Creating an interesting data visualization with the Palmer Penguin data set.

In this post, I’ll show how to create an interesting data visualization using the Palmer Penguins data set.

Loading in the Data

Make sure you have the pandas library in your environment first. Then we can load in the data by doing this:

import pandas as pd
url = "https://raw.githubusercontent.com/PhilChodrow/PIC16B/master/datasets/palmer_penguins.csv"
penguins = pd.read_csv(url)

Observations

Now lets look at our data and see what strikes us as interesting.

penguins

alt text

The above image is just a little snippet of what the penguins data set looks like.

Looking at this data set I would like to compare the Culmen Depths to the Culmen Lengths of each of the three penguin species- Adelie, Chinstrap, and Gentoo. A good way to do this would be using scatterplots with Culmen Depths being the x-axis and Culmen Lengths being the y-axis. Since I’m doing this with all three of the penguin species I would need to create three graphs for each species.

Creating the Graphs

Before we can make our graphs we need to make sure the matplotlib library is in our environment.

Then we create three empty 1 by 3 graphs in an appropriate size.

Next we would like to add the three penguin species into a dictionary with their respective colors along with numbering them from 0 to 2.

Now we can go into the graph process, I decided to put my graphing into a function, but this is up to reader discretion.

Then we assign the penguin species into our graphs. After we use the .scatter to graph the Culmen Lengths against the Culmen Depths.

All that is left now is to label our axes.

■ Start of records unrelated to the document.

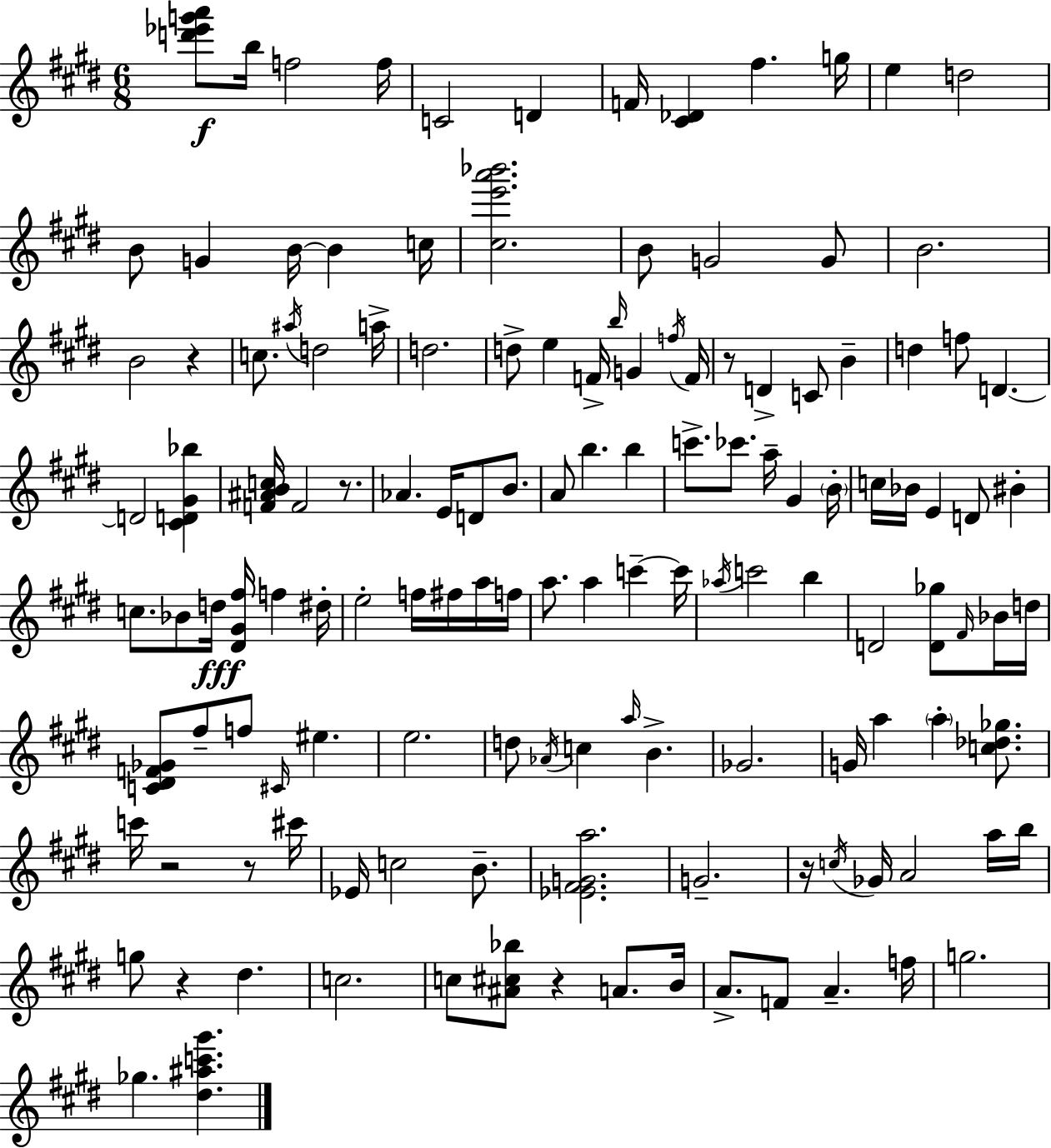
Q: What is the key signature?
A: E major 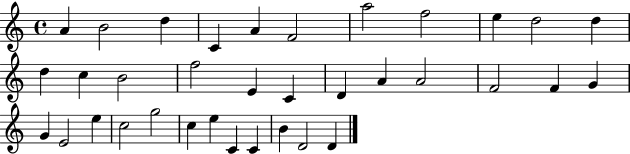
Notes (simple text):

A4/q B4/h D5/q C4/q A4/q F4/h A5/h F5/h E5/q D5/h D5/q D5/q C5/q B4/h F5/h E4/q C4/q D4/q A4/q A4/h F4/h F4/q G4/q G4/q E4/h E5/q C5/h G5/h C5/q E5/q C4/q C4/q B4/q D4/h D4/q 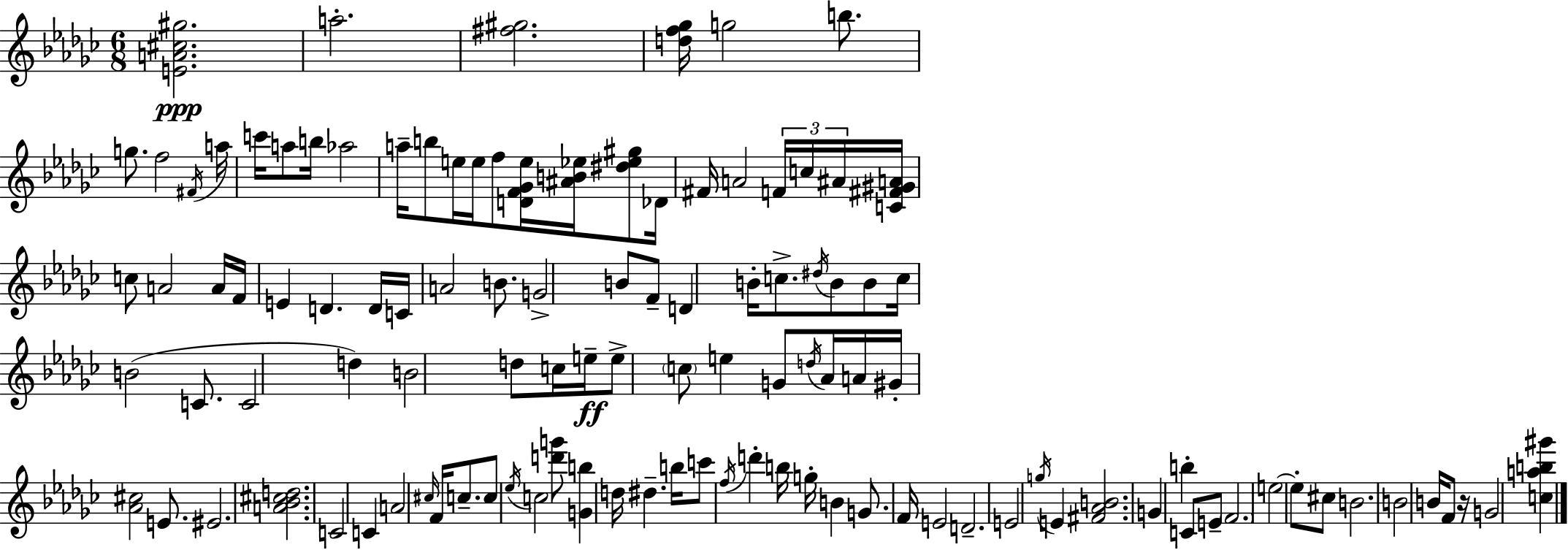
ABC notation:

X:1
T:Untitled
M:6/8
L:1/4
K:Ebm
[EA^c^g]2 a2 [^f^g]2 [df_g]/4 g2 b/2 g/2 f2 ^F/4 a/4 c'/4 a/2 b/4 _a2 a/4 b/2 e/4 e/4 f/2 [DF_Ge]/4 [^AB_e]/4 [^d_e^g]/2 _D/4 ^F/4 A2 F/4 c/4 ^A/4 [C^F^GA]/4 c/2 A2 A/4 F/4 E D D/4 C/4 A2 B/2 G2 B/2 F/2 D B/4 c/2 ^d/4 B/2 B/2 c/4 B2 C/2 C2 d B2 d/2 c/4 e/4 e/2 c/2 e G/2 d/4 _A/4 A/4 ^G/4 [_A^c]2 E/2 ^E2 [A_B^cd]2 C2 C A2 ^c/4 F/4 c/2 c/2 _e/4 c2 [d'g']/2 [Gb] d/4 ^d b/4 c'/2 f/4 d' b/4 g/4 B G/2 F/4 E2 D2 E2 g/4 E [^F_AB]2 G b C/2 E/2 F2 e2 e/2 ^c/2 B2 B2 B/4 F/2 z/4 G2 [cab^g']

The following explanation is coded down below:

from matplotlib import pyplot as plt
#creating the the 1 by 3 empty grid for our 3 scatterplots.
fig, ax = plt.subplots(1, 3, figsize = (15,5))
#putting the penguin species along with what color we want their dots in the scatterplot to be into a dictionary
penguin_species = {"Adelie Penguin (Pygoscelis adeliae)" : (0, "Blue"), 'Chinstrap penguin (Pygoscelis antarctica)' : (1, "Red"),
                   'Gentoo penguin (Pygoscelis papua)' : (2, "Green")}
def f(df):
    """
    This function creates 3 scatterplots of each of the penguin species'
    Culmen Depth and Culmen Length.
    Parameter
    ------------
    df: a pandas dataframe containing the Palmer Penguins data set.
    Return
    ------------
    None
    """
    current = ax[penguin_species[df.iloc[2,2]][0]]
    current.scatter(df["Culmen Length (mm)"], df["Culmen Depth (mm)"], color = penguin_species[df.iloc[2,2]][1], 
    alpha = 0.7, linewidth = 0.5)
    current.set(title = df.iloc[2,2])
    ax[0].set(ylabel = "Culmen Length (mm)")
    ax[0].set(xlabel = "Culmen Depth (mm)")
    ax[1].set(xlabel = "Culmen Depth (mm)")
    ax[2].set(xlabel = "Culmen Depth (mm)")
penguins.groupby(["Species"]).apply(f)

alt text

Conclusion

We have now created our three graphs that compare Culmen Lengths to Culmen Depths of each of the three penguin species.

This is just one way to graph these two quantitative features. There are also plenty of other features in the Palmer Penguin data set that are waiting to be visualized!

I implore the readers of this post to also try out other different graph types such as histograms, box plots, violins, and more!

Written on April 8, 2022